This week the influential magazine the Economist suggested that Dublin’s house prices are 25 per cent overvalued relative to long-term income. The Economist was one of the early sirens last time out, warning loudly about the Irish property market in 2003, so it has good form.

More worryingly, in the list of 22 cities, although Dublin was not the most overvalued capital city, it is the one that has experienced most rapid house price growth since 2012.

In the past seven years Dublin prices have increased 72.9 per cent, compared with 63 per cent for Berlin, 54 per cent for Sydney, 56 per cent for Auckland and 60 per cent for Vancouver. Although cities such as London and Paris are significantly overvalued, the British capital has seen falls in the past year, while Paris has always been expensive and has seen prices rise only 6 per cent in the whole of the past seven years.

The reason Dublin’s rapid recent house price rise has not led to greater overvaluation is because prices fell so significantly in the bust. The question now is, with these sorts of dynamics, is another crash on the cards?

A good rule of thumb when talking about the future is the past. And, given that I was one of those warning in the past about the crash, it’s reasonable to explore the crash possibility this time.

But there is also one other general observation or caveat: being right once doesn’t imply being right all the time, or even the next time.

When thinking about the future and markets, it is essential to have a framework in your head as to how you think the modern, leveraged, inter-related economy works.

A good framework, which I have used for years and that proved effective in analysing the Celtic Tiger property market, was the Minsky or Kindleberger framework.
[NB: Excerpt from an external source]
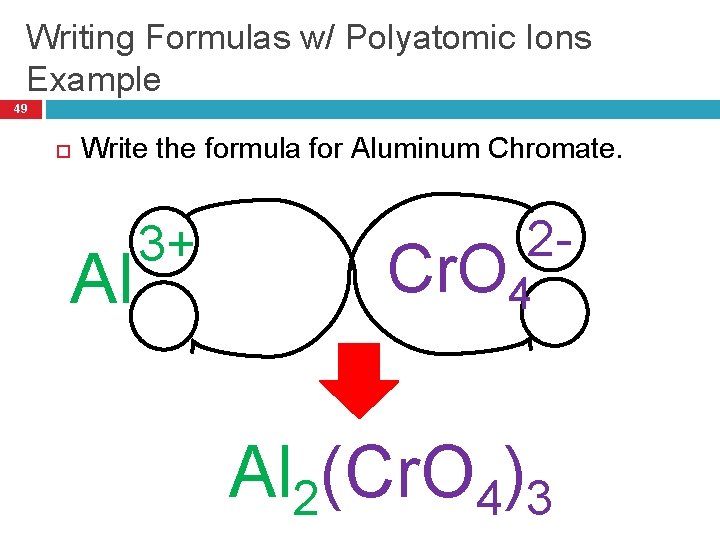 Writing Formulas w/ Polyatomic Ions Example 49 Write the formula for Aluminum Chromate. Al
These were two American economists who believed that once you introduce credit and herd behaviour, most house price cycles follow similar boom-to-bust patterns.

They cited a seven-stage cycle. Stage one is displacement. Stage two is take-off. Stage three is gearing. Stage four is euphoria. Stage five is bubble. Stage six is distress, and stage seven is panic, followed by bust. And then we start again.

So stage one, called displacement, is when something real changes in the economy. This, in the context of our current housing cycle, was the crash itself when prices fall dramatically, providing an opportunity for someone to pick up houses cheaply. This leads to take-off when prices start to rise from the trough, and those lucky enough to pick up bargains see their balance sheets improve dramatically.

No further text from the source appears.